* _Exercise instructions_:
Your job is to print, exactly, the lines in the data below from the line with "Ombrellone da Esterni" through the line with "2 lightly used Ceiling Lamps", both included, and to omit any picture.

* _Input_:
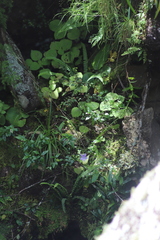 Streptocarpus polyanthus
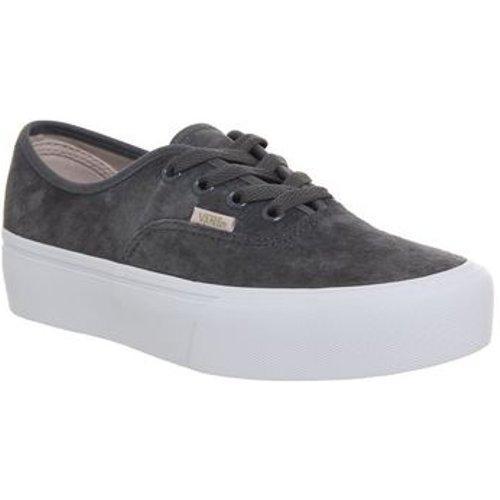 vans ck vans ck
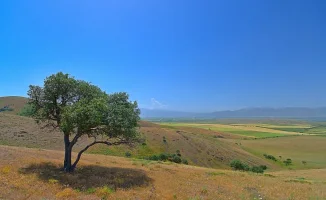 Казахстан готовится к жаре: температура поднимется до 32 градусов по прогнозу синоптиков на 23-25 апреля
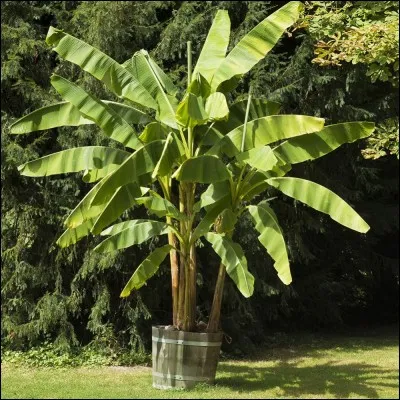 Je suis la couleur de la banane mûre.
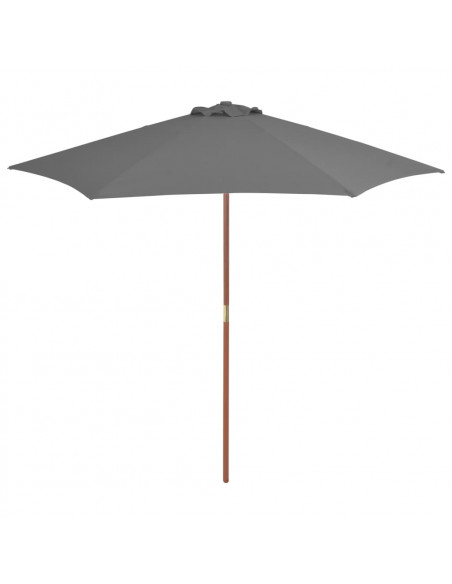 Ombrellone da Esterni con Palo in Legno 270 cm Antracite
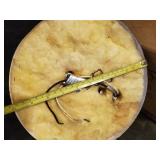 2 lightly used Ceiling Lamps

---

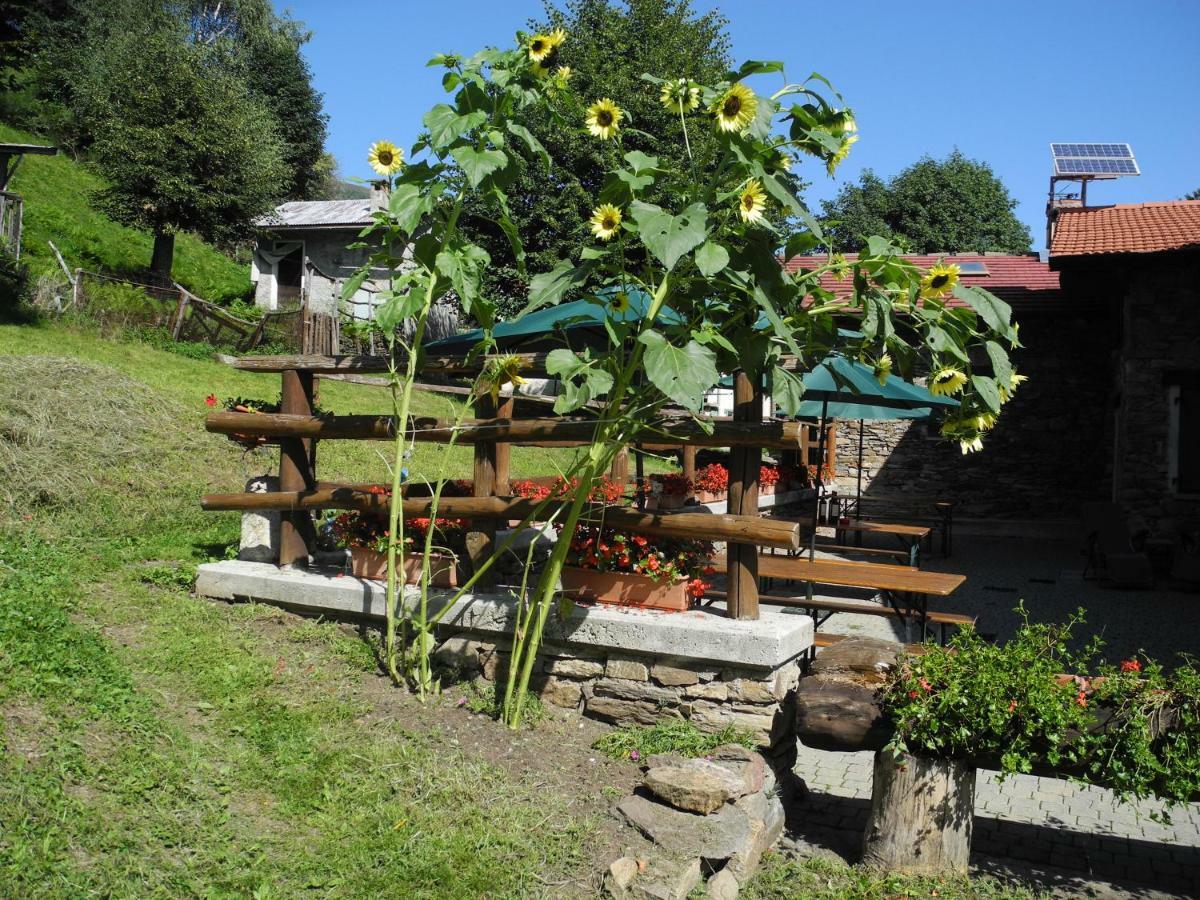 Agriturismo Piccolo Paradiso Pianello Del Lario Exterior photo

...

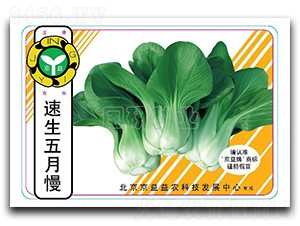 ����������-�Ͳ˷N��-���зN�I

* _Response area_:
 Ombrellone da Esterni con Palo in Legno 270 cm Antracite
 2 lightly used Ceiling Lamps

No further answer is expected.